Just for fun, I checked to see how yearly dividends are doing on each of my holdings. Very gratifying...issue by issue, with DRIP, the dividends keep going up. A few didn't, and I checked specifically on these. None are in trouble, none are worth selling, in my view.
I could tell that roughly speaking, I'm getting about 10% more in dividends this year than I did last year.
Since my companies pay 2-5% in dividends per year and I DRIP every one of them, that means that my positions grew by 2-5%, not counting new money invested. Dividend growth per share made up the other 5-7% increase in dividends. At this time new money accounts for about 5% in overall portfolio growth. Some of this is in bigger positions in existing companies, and some is in new positions established.
Capital value went up about 10% as well, but that number changes almost daily and I have sworn not to be a slave to the stock prices or the composite fluctuation in portfolio value. I did a bit of repositioning and it helped my overall yield a bit.
There's more re-balancing that I could do, but I'm not fully convinced that selling the best-performing companies to beef up on the laggards is really what I want to do across the board. Fortunately, I'm following no-ones rules but my own, so I won't be chastised for being less than entirely consistent in my behavior. The first step to changing bahavior is awareness of that behavior, and incremental changes are less disruptive and more likely to be durable than wholesale shifts, so I'm comfortable with the rate that I'm moving towards truly dispassionate portfolio management. Performance consequences are compensated by shoveling as much money as the law allows into my retirement plan.
I'm working towards a system where I keep a running count of my overall share-count, my overall dividend payment rate and the rate of change in those numbers. I think this may take my focus a little more towards where it should be than on the endless price fluctuations that occur daily. Now and again, it's important to examine values and ask if some rebalancing isn't in order, but a dividend growth strategy needs to focus on just that, and the forces that drive it. It starts with earnings and earnings growth. Then dividends and dividend growth. Reinvestment of dividends and new contributions makes up the rest. Pretty simple, huh?

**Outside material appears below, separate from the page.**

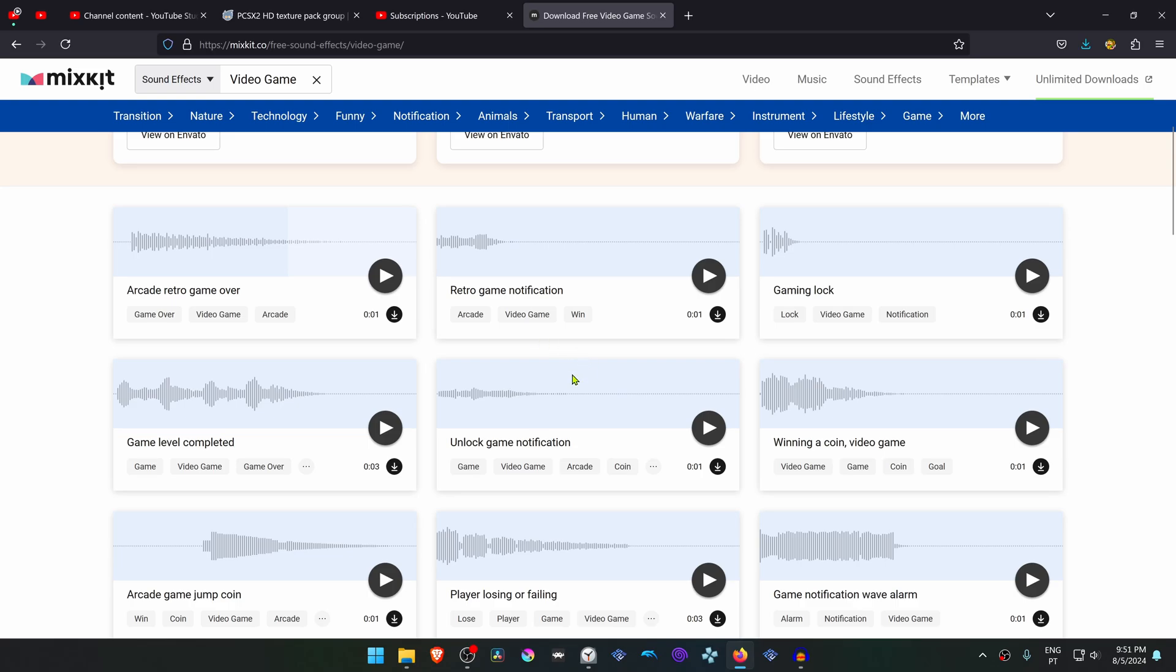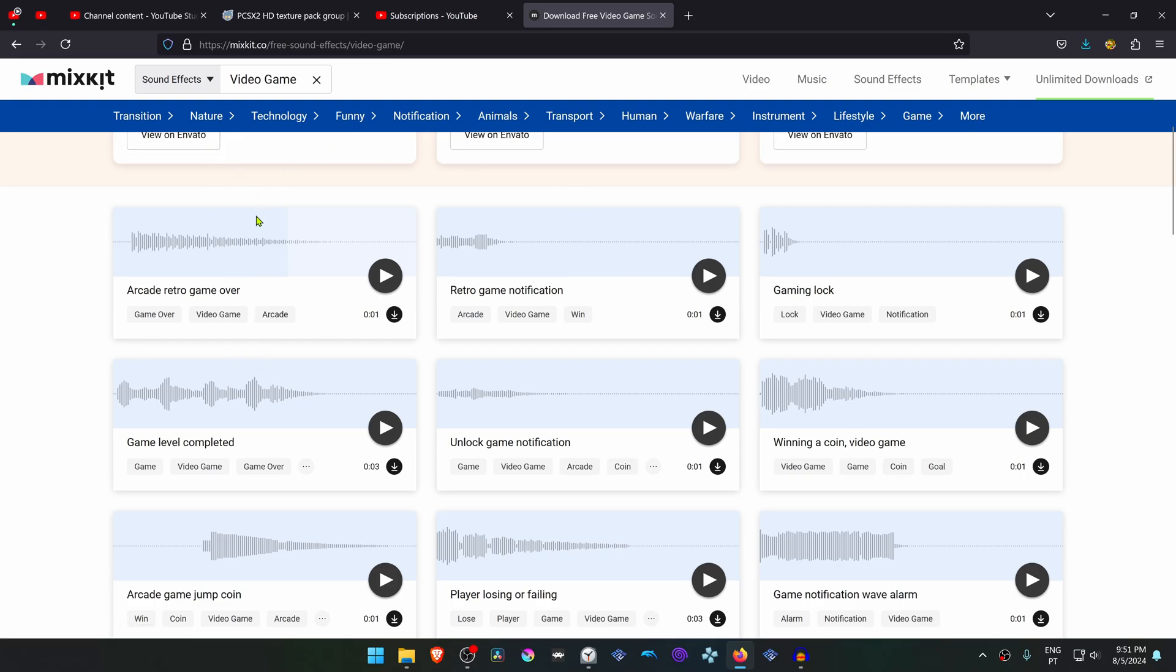First, I'm going to start by downloading some sound effects from the mixkit.co website. I'm going to download two sound effects: one is for when you win an achievement and the other one is for when you start the game and a pop-up message shows up showing how many achievements that you have.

Just for fun, I checked to see how yearly dividends are doing on each of my holdings. Very gratifying...issue by issue, with DRIP, the dividends keep going up. A few didn't, and I checked specifically on these. None are in trouble, none are worth selling, in my view.
I could tell that roughly speaking, I'm getting about 10% more in dividends this year than I did last year.
Since my companies pay 2-5% in dividends per year and I DRIP every one of them, that means that my positions grew by 2-5%, not counting new money invested. Dividend growth per share made up the other 5-7% increase in dividends. At this time new money accounts for about 5% in overall portfolio growth. Some of this is in bigger positions in existing companies, and some is in new positions established.
Capital value went up about 10% as well, but that number changes almost daily and I have sworn not to be a slave to the stock prices or the composite fluctuation in portfolio value. I did a bit of repositioning and it helped my overall yield a bit.
There's more re-balancing that I could do, but I'm not fully convinced that selling the best-performing companies to beef up on the laggards is really what I want to do across the board. Fortunately, I'm following no-ones rules but my own, so I won't be chastised for being less than entirely consistent in my behavior. The first step to changing bahavior is awareness of that behavior, and incremental changes are less disruptive and more likely to be durable than wholesale shifts, so I'm comfortable with the rate that I'm moving towards truly dispassionate portfolio management. Performance consequences are compensated by shoveling as much money as the law allows into my retirement plan.
I'm working towards a system where I keep a running count of my overall share-count, my overall dividend payment rate and the rate of change in those numbers. I think this may take my focus a little more towards where it should be than on the endless price fluctuations that occur daily. Now and again, it's important to examine values and ask if some rebalancing isn't in order, but a dividend growth strategy needs to focus on just that, and the forces that drive it. It starts with earnings and earnings growth. Then dividends and dividend growth. Reinvestment of dividends and new contributions makes up the rest. Pretty simple, huh?